The writer/director's latest film, The Company You Keep, finds the aging star playing a former radical who goes on the run when his assumed identity is compromised by a young journalist (Shia LaBeouf).
Redford shared his views on the real-life '60s radicals like The Weather Underground gang during a soft and fuzzy chat with purported journalist George Stephanopoulos.
ROBERT REDFORD: ... When I was younger, I was very much aware of the movement. I was more than sympathetic, I was probably empathetic because I believed it was time for a change. Whether that change was a revolution or not, I don't know. But I was very much for what was going on.
STEPHANOPOULOS: Even when you read about bombings?
REDFORD: All of it. I knew that it was extreme and I guess movements have to be extreme to some degree. Years later I thought this is an interesting story but we're too close to it and I thought, when this gets-- when we get some distance from this so that we can look back on it as a piece of American history then I might be interested and now that's the time. So that's why I decided to make it now.
STEPHANOPOULOS: Do you come out of the experience with the same kinds of empathy that you had going in?
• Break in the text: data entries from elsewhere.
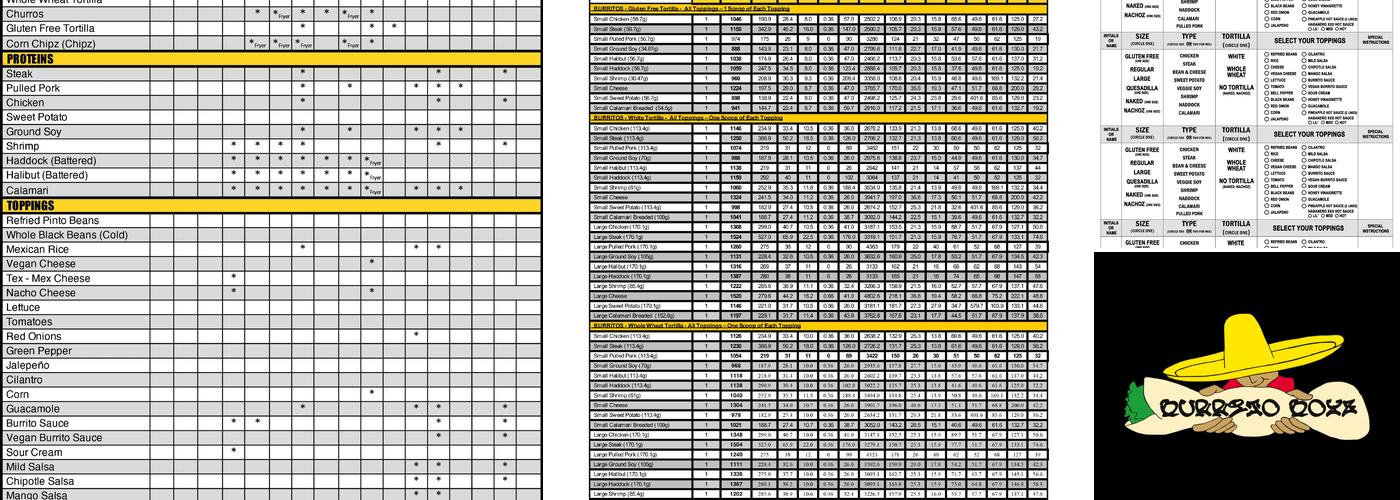 Burrito Boyz Menu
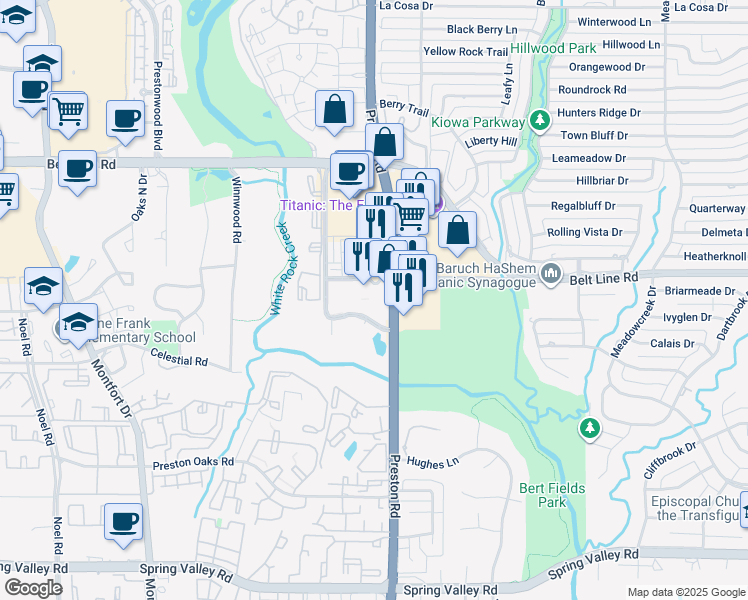 map of restaurants, bars, coffee shops, grocery stores, and more near 14785 Preston Road in Dallas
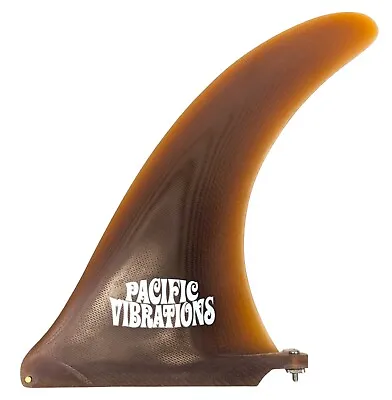 Longboard 9” Pacific Vibrations FIN SURFBOARD 4A Template Chocolate  Fiberglass • $66.99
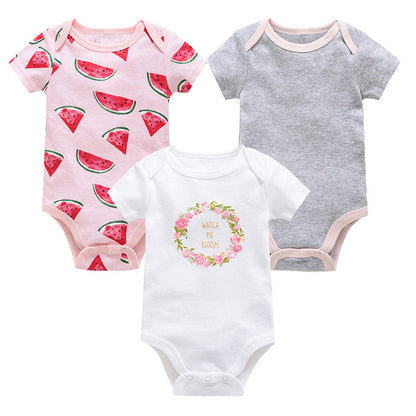 Factory baby clothes 3-piece set thin cotton newborn baby clothes summer short-sleeved belly protection baby jumpsuit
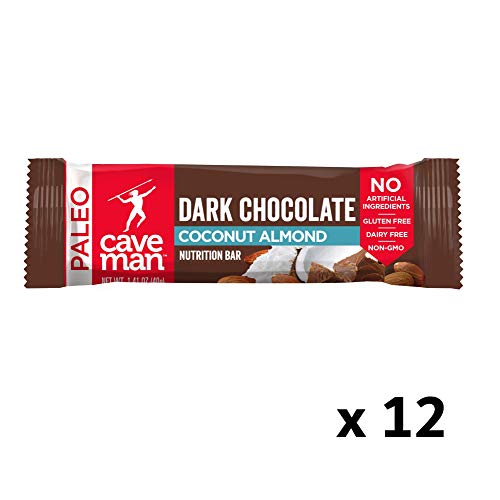 Caveman Foods Paleo-Friendly Nutrition Bar Dark Chocolate Almond Coconut, 1.4 Ounce (12 Count Box) - Thumbnail 7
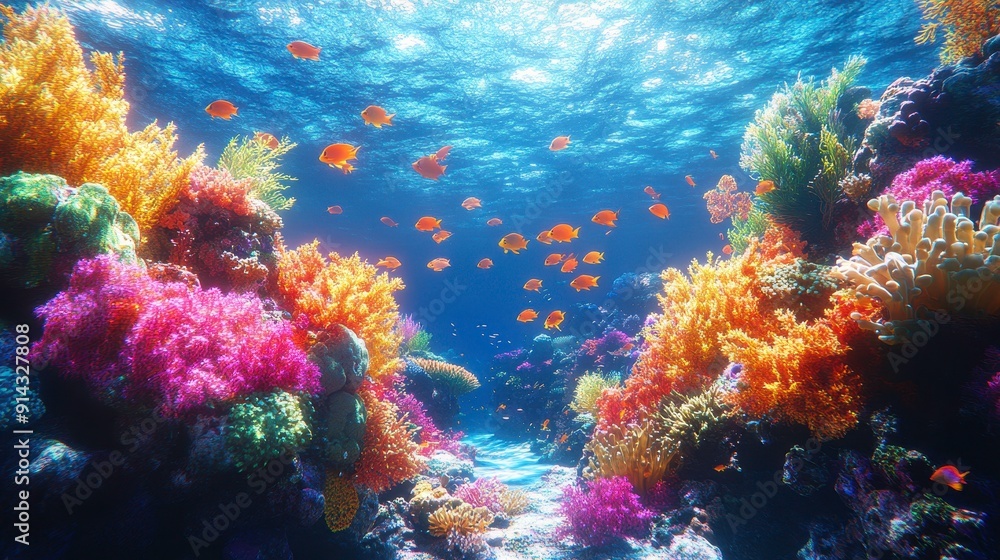 Fototapeta premium Vibrant coral reef with diverse marine life, high quality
REDFORD: Yeah, I've bled a little for those that look back and realize what they did in their youth when they were full of passion and intensity, that subsides over time. But the only thing that sticks is the thrill of that moment, the thrill of that movement when they were committing all of themselves to something they believed in.
Ah, the thrill of killing innocents for something a teenager believes in for a heady moment or two.
As for the movie itself, while this critic hasn't screened it yet others are already describing key aspects of the film.
Time magazine notes the film "is streaked with melancholy: a disappointment that the second American Revolution never came ..."
Conservative pundit Michelle Malkin doesn't mince words about the film (as if she ever did):
Hollywood’s romanticizing of murderous radicals is an affront to decency. Redford and Company’s rose-colored hagiography of bloodstained killers defiles the memory of all those victimized by leftwing militants on American soil.
The Company You Keep opens in limited release April 5.